The last shipload of equipment is slated to leave Pearl Harbor on Monday.
As the Navy's marine cargo specialist at the Navy's Fleet Industrial Supply Center, Pappalardo is in charge of ensuring that 2,160 trucks, trailers, Humvees, vans and Stryker combat vehicles are safely on their way to the mainland.
It is a long voyage for the brigade, which will train at various locations in Southern California until October. Then all of the equipment will be loaded onto ships for the journey to Kuwait and Iraq.
All 310 of the brigade's 19-ton, eight-wheeled Stryker combat vehicles are included in the first shipload of equipment. They are among the nearly 1,000 vehicles that were driven aboard the 597-foot MV Jean Anne, which has been under contract with the U.S. Military Traffic Management Command since last year to transport vehicles between here and the West Coast.
Pappalardo said the loading was going so smoothly yesterday that the vessel, named after the wife of the founder of Pasha Transportation Lines, was expected to leave this morning for San Diego several hours ahead of schedule.
Its place at Pearl Harbor's Kilo pier will be replaced by the cargo vessel USNS Seay, which at 960 feet is almost twice as long as the Jean Anne and nearly as big as an aircraft carrier.
With the help of six civilian stevedores and 60 Navy reservists, Pappalardo hopes to load the remaining vehicles and send it on its way to San Diego by Monday.
Until then he and a few other Pearl Harbor dock workers will sleep in their offices.
"There will be no family time for the next week," he said.
Pappalardo said the last large movement of Schofield Barracks soldiers was in 2004 when two brigades from the 25th Division deployed to Afghanistan and Iraq. The 2nd Brigade -- which was not a Stryker unit at the time -- left first for Iraq in January 2004, followed by the 3rd Brigade bound for Afghanistan two months later.
This time, nearly 4,000 Schofield Barracks soldiers of the 2nd Brigade will begin leaving Wahiawa next week to train for nearly a month at what was once George Air Force Base in Southern California near Victorville. Then the unit and the Stryker combat vehicles will move to the National Training Center at Fort Irwin for its last big test and certification.
Lt. Col. David Davidson, deputy commander for the Stryker brigade, said the training at George Air Force Base is the first time the brigade will work together.

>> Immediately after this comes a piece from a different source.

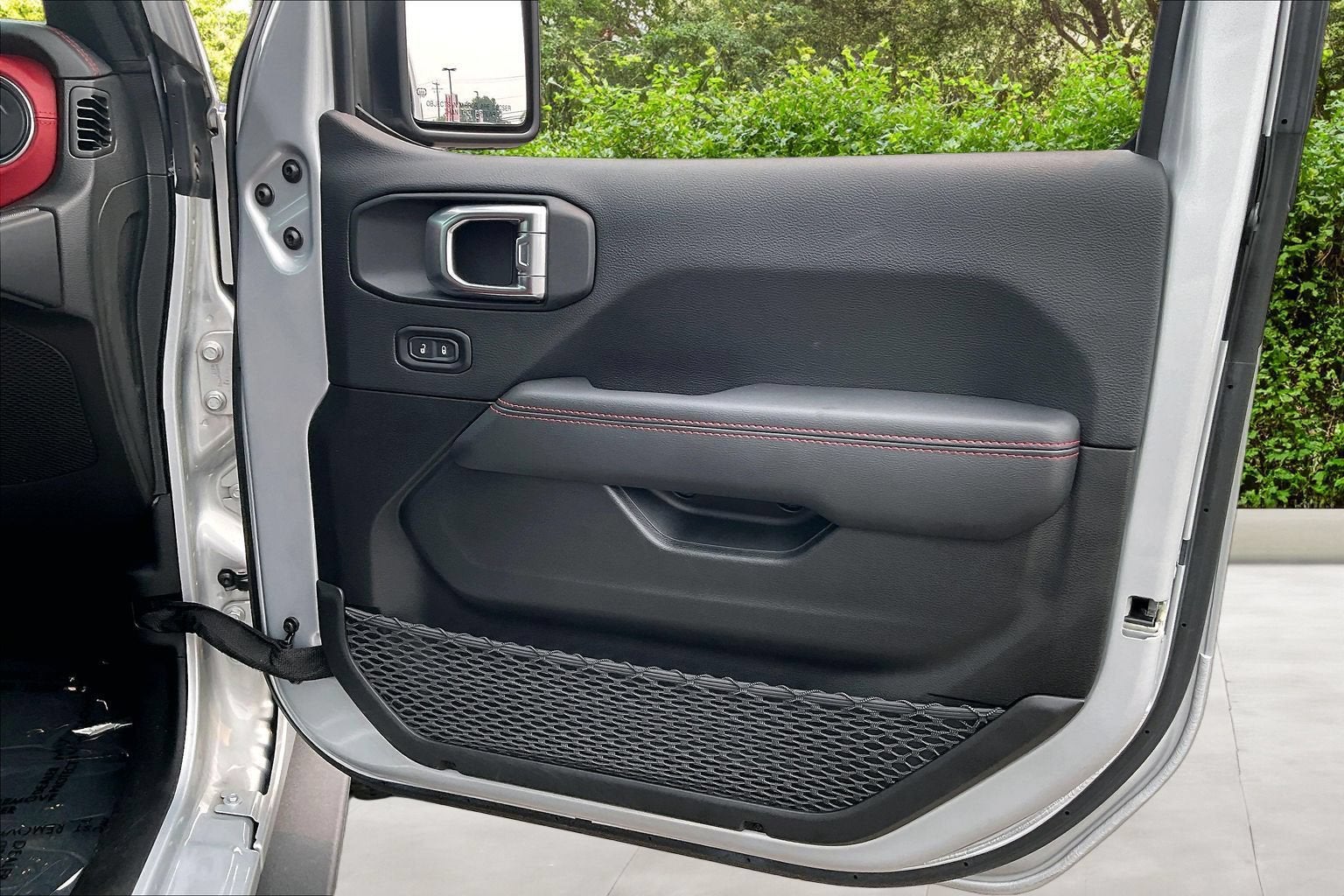 2023 Jeep Wrangler 4xe Rubicon 20th Anniversary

He said the abandoned buildings will help the brigade get a better feel of working in an urban setting.
"It will be a great opportunity to get into a large urban area," Davidson said, "which will replicate what we will see in Iraq."
Davidson declined to say where the 2nd Brigade will be assigned to in Iraq. Its sister unit -- the 3rd Brigade -- has been in the Al Anbar area in northern Iraq since September.
Pappalardo said it took about a month to figure out how all of the 2nd Brigade's vehicles could be stored on the four decks of the Jean Anne. The cargo bay, which has more than 1,030 square feet of storage area, resembles a parking garage.
The side of the Jean Anne is not painted battleship gray. Instead it is adorned with life-size paintings of the vehicles the ship was built to carry.